I read David R. Slavitt's Blue State Blues: How a Cranky Conservative Launched a Campaign And Found Himself the Liberal Candidate (And Still Lost) at about the same time. It's interesting for the RINO threads as well.

The two books made an interesting pair. Douthat's a party-line movement-type conservative, but couldn't quite bring himself to fully support Harvard against labor protesters. There didn't seem to be any real question of principle involved, just Harvard making more money. Slavitt, a very liberal Republican on social issues, was all for tax-exempt Harvard against Cambridge politicians, just as he was for the classes against the masses on social issues. Of the two points of view, I agree more with Douthat and his ambivalence. Slavitt harkens back to all the vices of Northeastern Rockefeller or Lindsay Republicanism.

Populism and elitism are a little stale now. Thirty years ago, if you were from an ordinary suburb or neighborhood of Boston or New York or Philadelphia, you didn't want the university liberals and their upper class allies running things, so you voted against them. Probably you still don't like them and still vote against them.
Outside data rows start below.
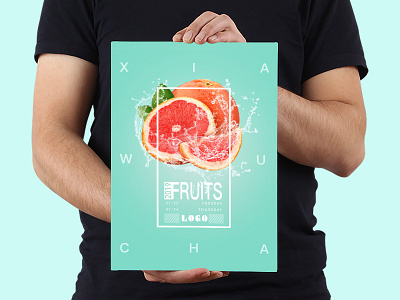 poster branding design poster typography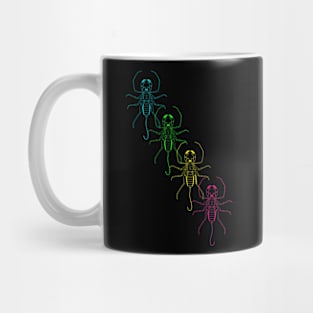 Vinegaroon whipscorpion rainbow Mug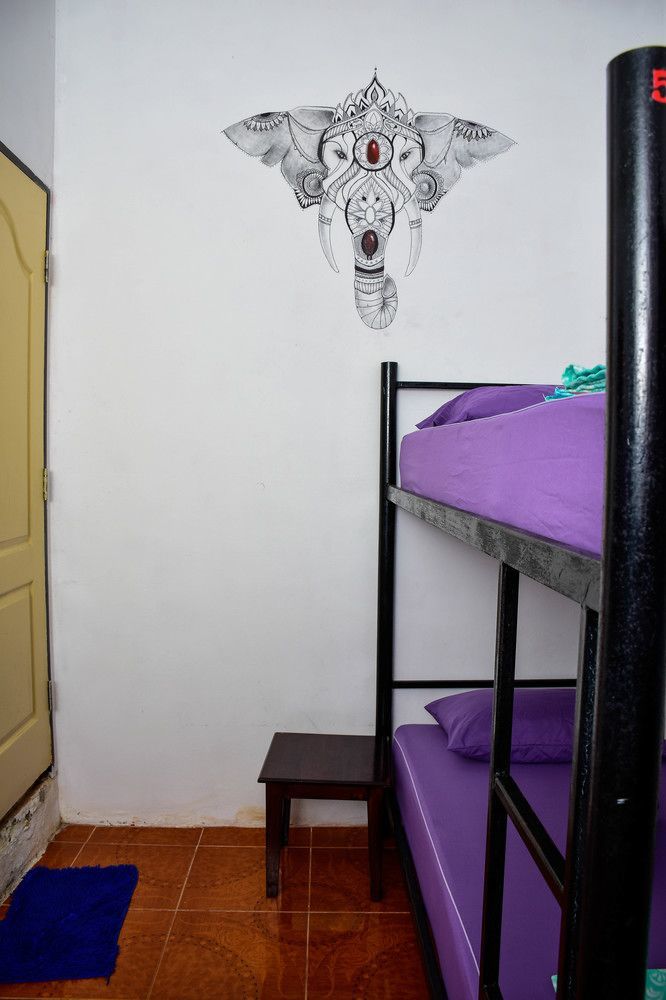 The Wanderlust Hostel Ko Pha Ngan Exteriér fotografie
Nowadays, though, sectional divisions are more pronounced in politics. "Populist" messages reflect more the opposition of South and West to the two coasts, so it's harder to get behind "populism" if you don't live in the base or target areas. Sometimes you do meet a real hardcore elitist and have something to react against, but most of the time what's going on is a struggle for power between regions that doesn't easily fit into elitist vs. populist categories.

I've no doubt that Lasch was right enough in his own time, but the categories may have outlived their relevance to what's really going on. A lot of the time, elitism and populism are just the emotional coloring that we give to "them" vs. "us" conflicts.